You don't say how the server mac is sharing the HFS+ formatted drive. I would suspect it is AFP in which case the NAS drive format is largely irrelevant.

The NAS will store files on it's storage in whatever format is best for the OS of the NAS, and expose those files through network shares in a single or a variety of formats. The client machines mount the shares and should be unaware of the underlying storage (just as they will be unaware that it will likely be a RAID configuration of some sort)

Synology, QNAP, Netgear, Drobo and many many others all adopt this approach.

The major factor is getting a NAS supplier who fully supports AFP and does not just see it as an afterthought to be tagged on with a bog standard install of the AFP packages which may be out of date or have not been tested or tuned. The introduction of Lion saw a number of NAS devices with difficulties sharing AFP until they could be patched. Of course during this period the users could have switched to using CIFS shares and keep going.

OTHER TIPS

I recently needed to replace an old NAS at home, and the cheapest option for my requirement was actually to build one and install FreeNAS on it.

You can add as many drives as your chassis will take, configure them to be RAID, mirrored, or independent, use UFS/ZFS on the partitions, and configure your shares as Windows, CIFS, or AFP with individual user accounts, groups, or getting permissions from an LDAP server.

Once you're set-up (which takes about 10 minutes from the CD) you're ready to go with a web interface which controls everything else.

While it's not HFS+, it is AFP capable out of the box so to speak, and works perfectly on my network with 2 Apple computers, and a Windows computer.
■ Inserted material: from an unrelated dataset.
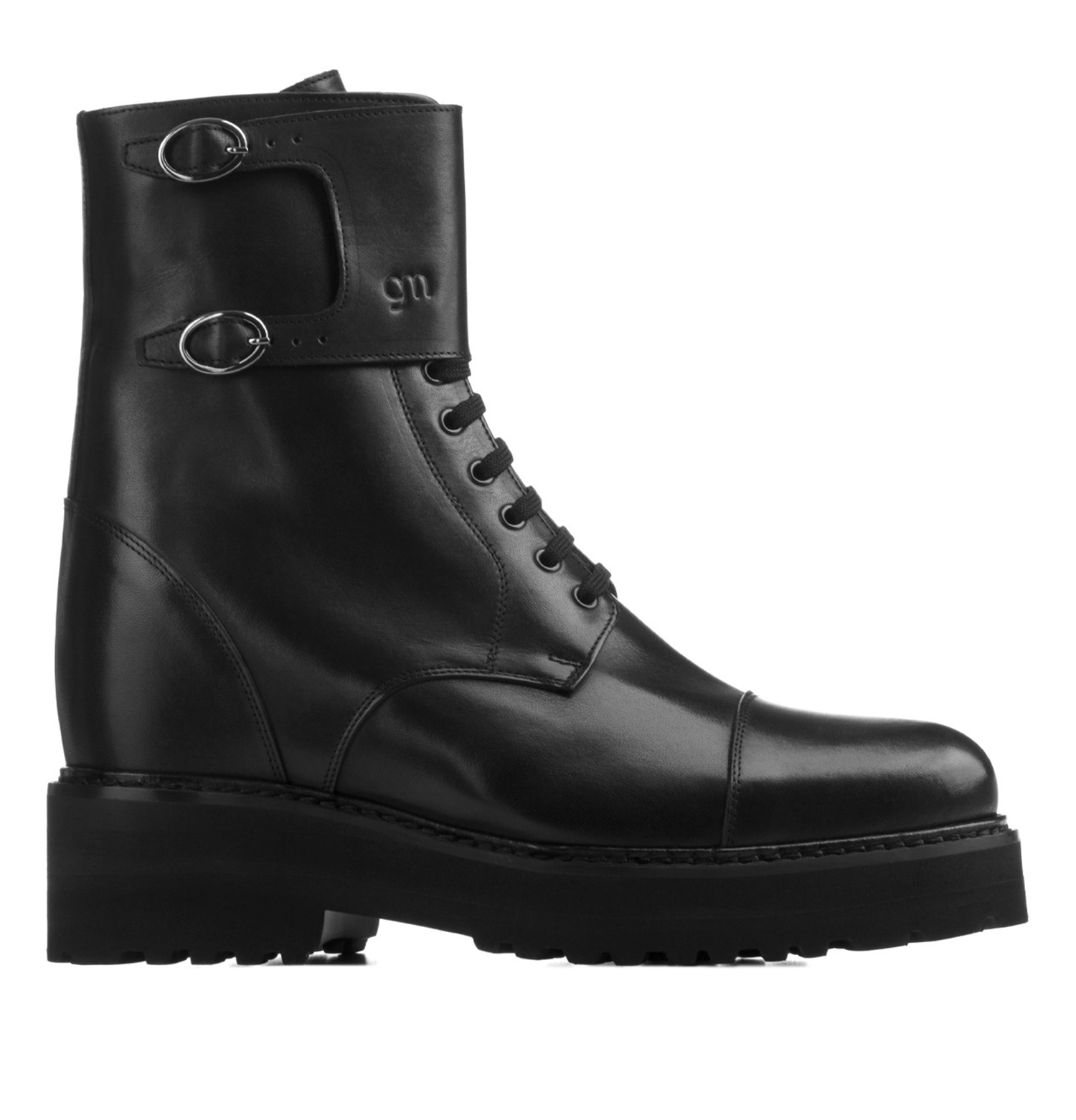 Blackpool - Elevator Boots in Full Grain Leather from 2.4 to 4 inches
It contains all of the resource fork information (meta data), and of course you can copy any existing data to it from anywhere else on the network.

Performance on a box like this is also going to be a lot better than most low to mid range NAS boxes too, which may be important with multiple users accessing large files. I backed up 580gb in just over an hour on a gigabit LAN connection.

Since the Mac OS family is the only one (that I'm aware of at least) that uses HFS, you'll probably have to run the NAS on a Mac. Properly configured, a Mac Mini isn't a bad option, but your costs may be approximately double of a comparable Linux-based NAS which uses EXT.

If your goal is to use the existing drive or clone it to a new drive for longevity, you may find that many linux-based options support this use-case. diskutil indeed has an hfsplus module in some flavors, but YMMV.

If, on the other hand you are attempting to clone it to the boot disk, your only option is to use a Mac.